TRY IT:
Output only the stretch of the listing that starts at the line containing "Youha PPSU Milk" and ends at the line containing "Japanese vintage handheld", reproduced exactly with both ends.

TASK INPUT:
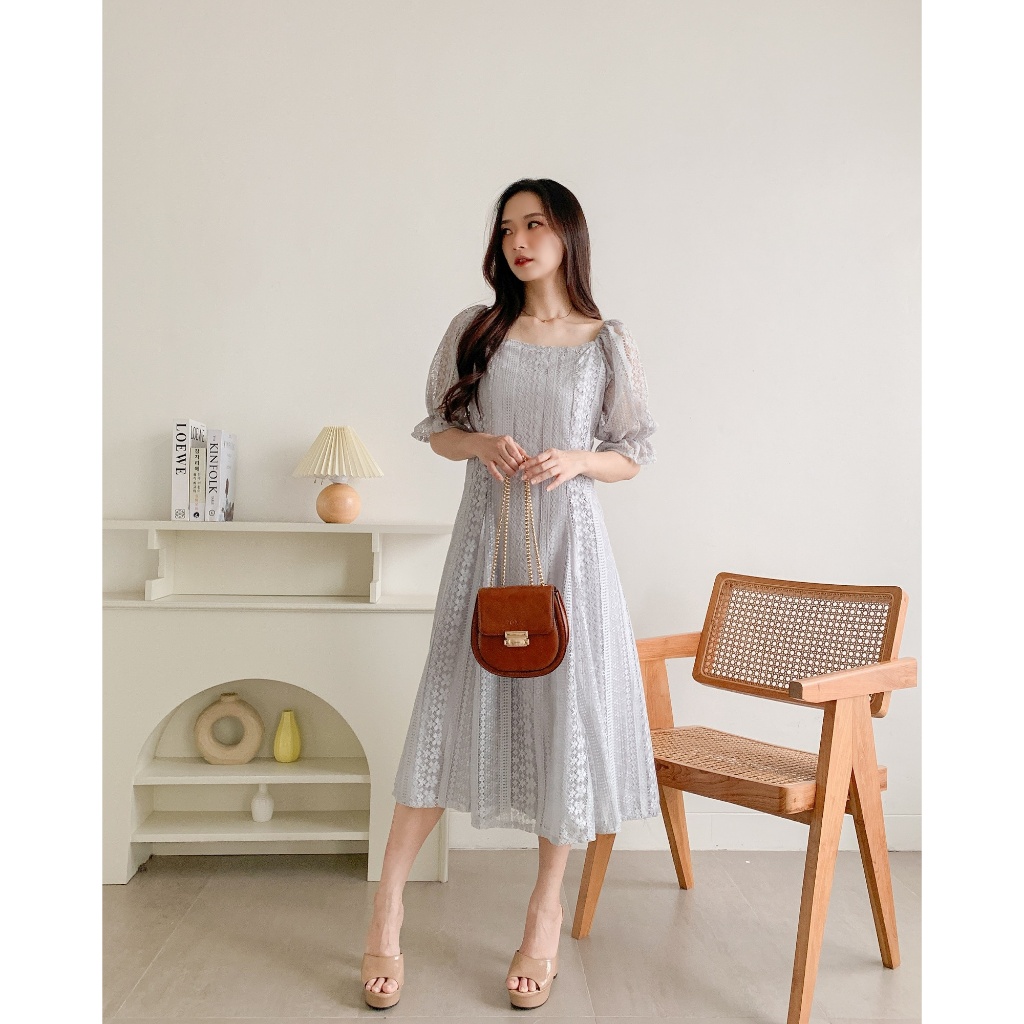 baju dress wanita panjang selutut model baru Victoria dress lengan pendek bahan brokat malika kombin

...

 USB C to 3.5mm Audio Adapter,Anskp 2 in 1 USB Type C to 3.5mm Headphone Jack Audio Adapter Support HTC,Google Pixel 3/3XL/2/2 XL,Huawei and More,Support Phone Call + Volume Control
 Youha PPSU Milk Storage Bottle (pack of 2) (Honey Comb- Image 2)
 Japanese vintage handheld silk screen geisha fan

SOLUTION FOR THIS PROBLEM:
 Youha PPSU Milk Storage Bottle (pack of 2) (Honey Comb- Image 2)
 Japanese vintage handheld silk screen geisha fan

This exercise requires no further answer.